Activity: Without the pictures, reproduce the records that follow exactly.

Data provided section start

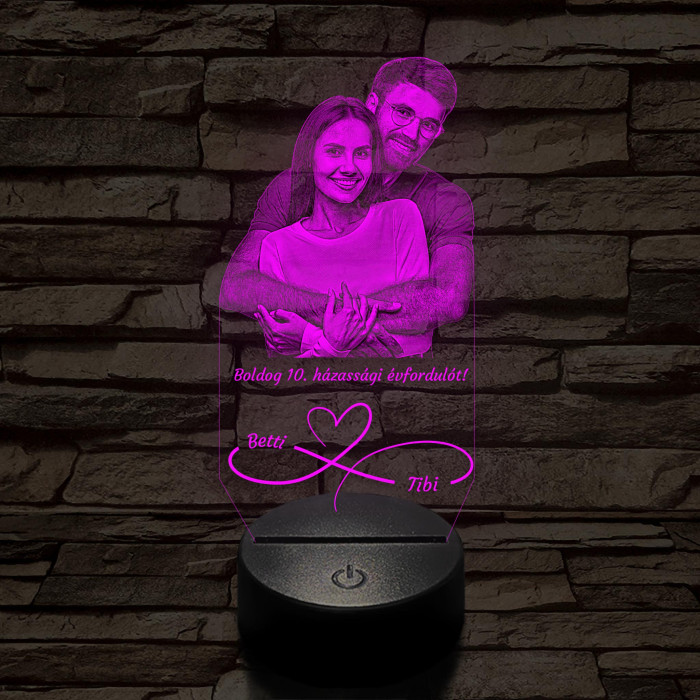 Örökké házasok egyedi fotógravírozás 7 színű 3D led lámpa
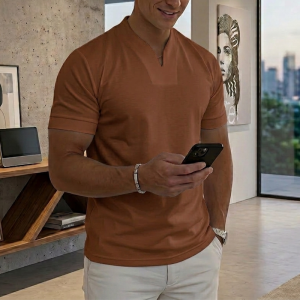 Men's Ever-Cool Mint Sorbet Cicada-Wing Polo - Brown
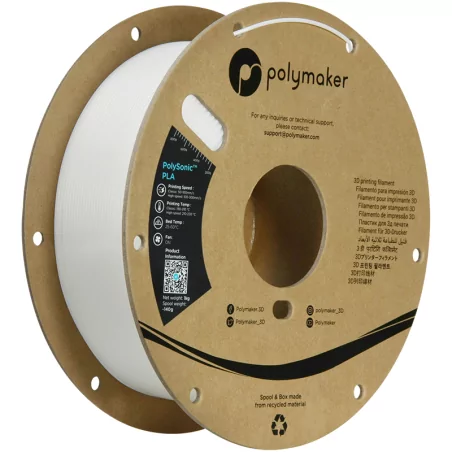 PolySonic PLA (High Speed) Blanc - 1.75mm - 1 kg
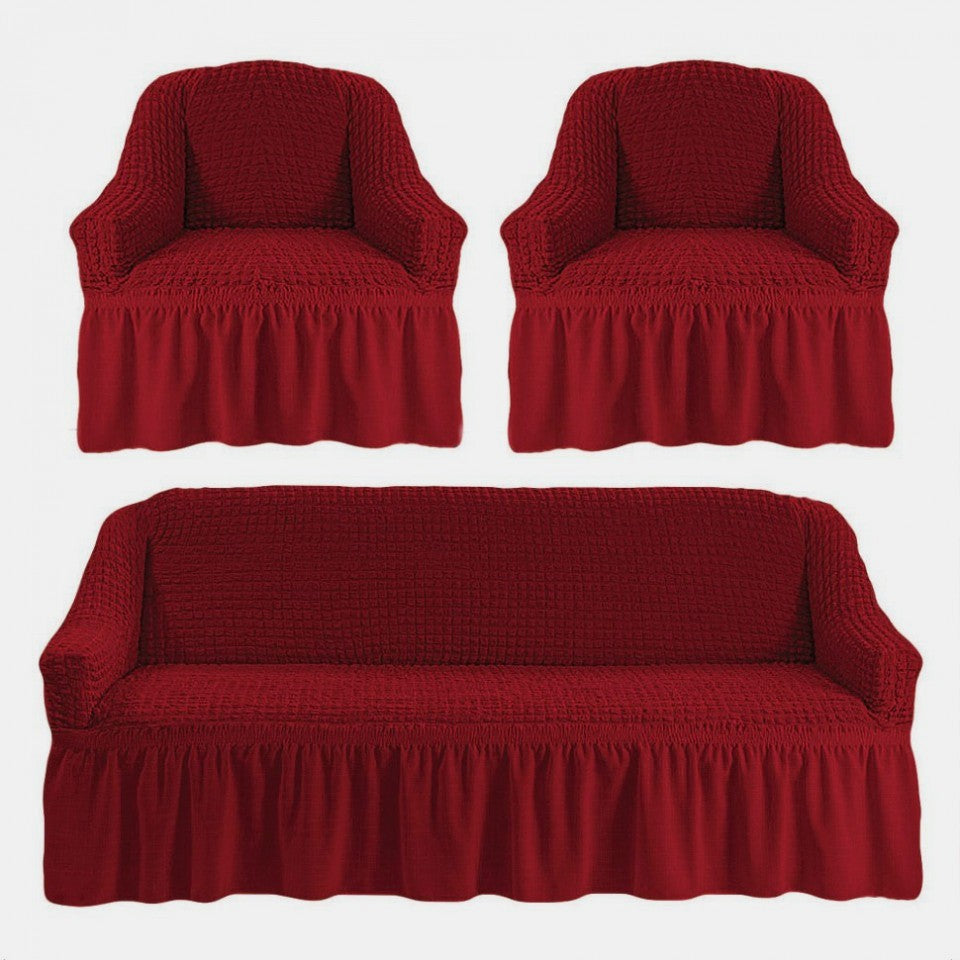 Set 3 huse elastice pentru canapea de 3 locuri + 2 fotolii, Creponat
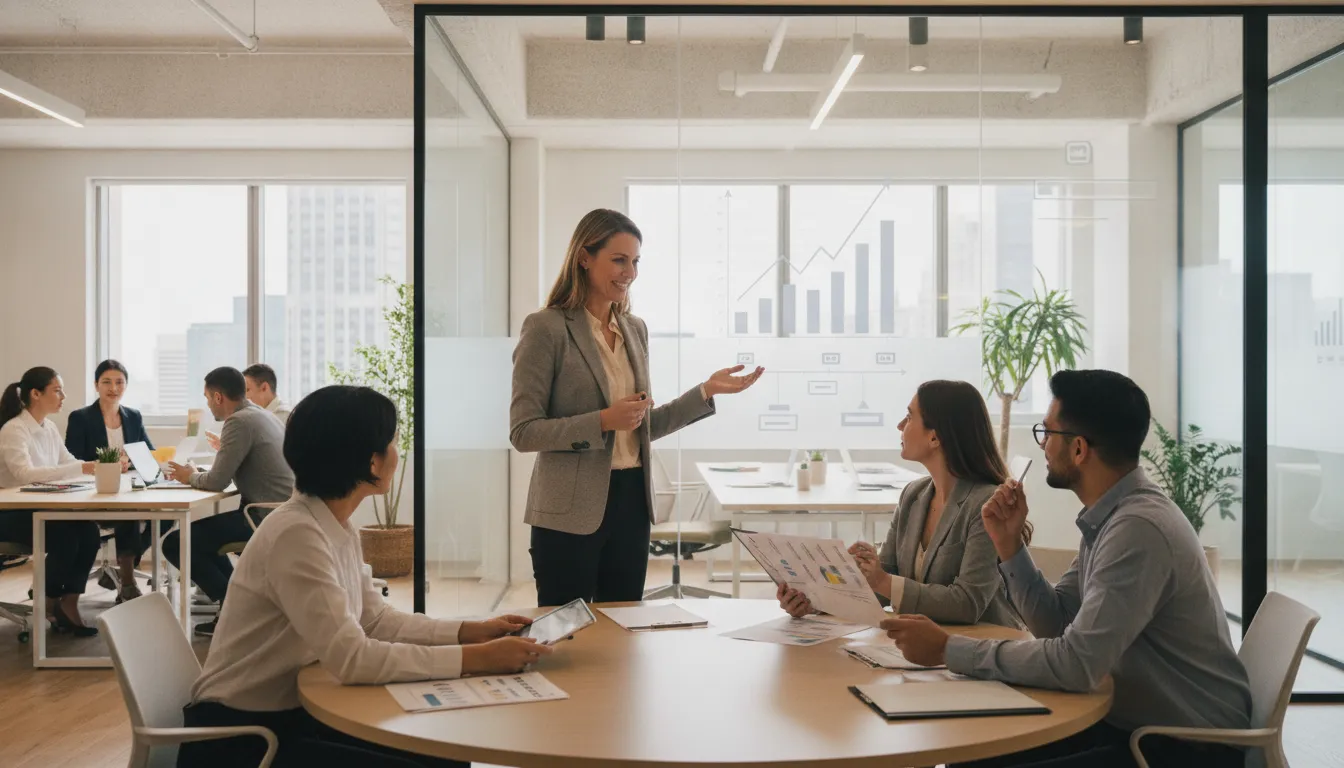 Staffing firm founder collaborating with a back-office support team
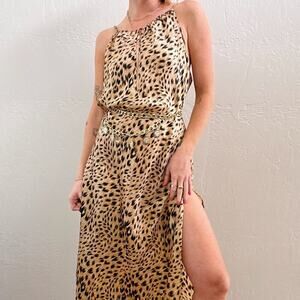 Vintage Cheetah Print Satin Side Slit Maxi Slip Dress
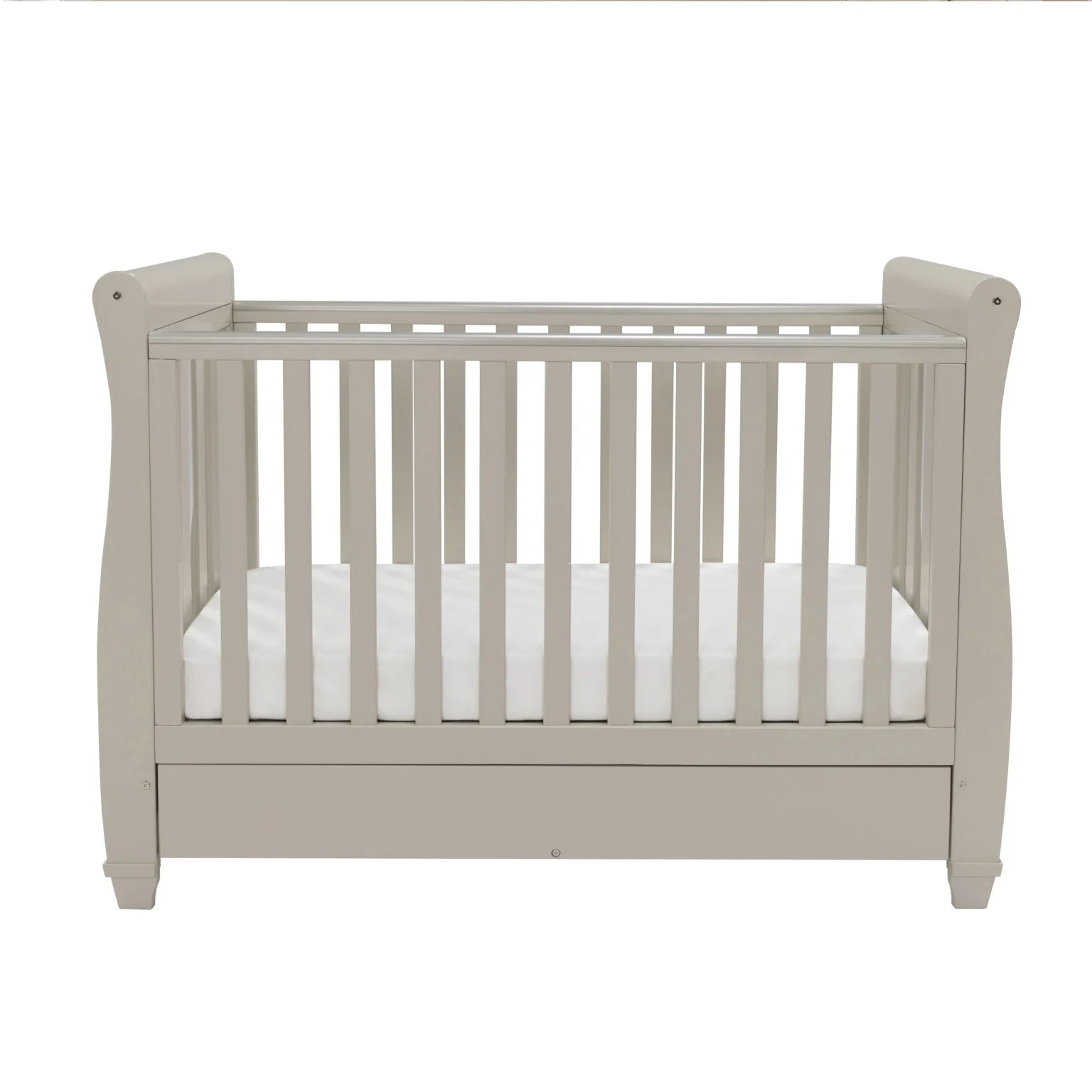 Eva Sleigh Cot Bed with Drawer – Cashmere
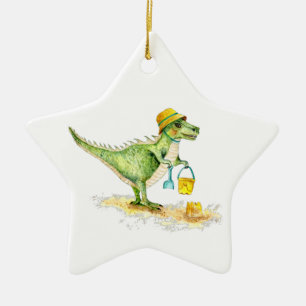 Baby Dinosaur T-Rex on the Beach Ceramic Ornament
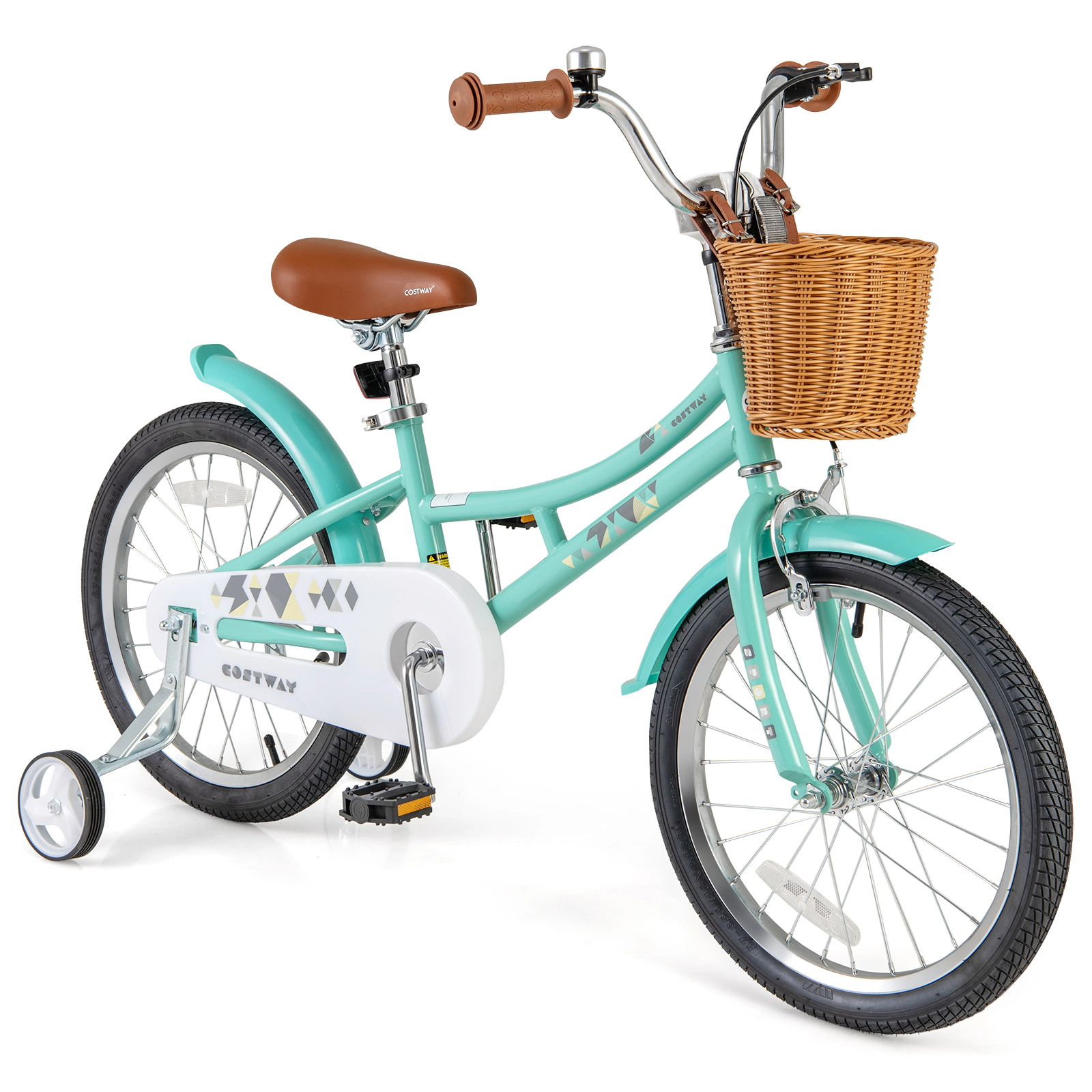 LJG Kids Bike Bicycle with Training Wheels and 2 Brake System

Data provided section end

Result of the task:
 Örökké házasok egyedi fotógravírozás 7 színű 3D led lámpa
 Men's Ever-Cool Mint Sorbet Cicada-Wing Polo - Brown
 PolySonic PLA (High Speed) Blanc - 1.75mm - 1 kg
 Set 3 huse elastice pentru canapea de 3 locuri + 2 fotolii, Creponat
 Staffing firm founder collaborating with a back-office support team
 Vintage Cheetah Print Satin Side Slit Maxi Slip Dress
 Eva Sleigh Cot Bed with Drawer – Cashmere
 Baby Dinosaur T-Rex on the Beach Ceramic Ornament
 LJG Kids Bike Bicycle with Training Wheels and 2 Brake System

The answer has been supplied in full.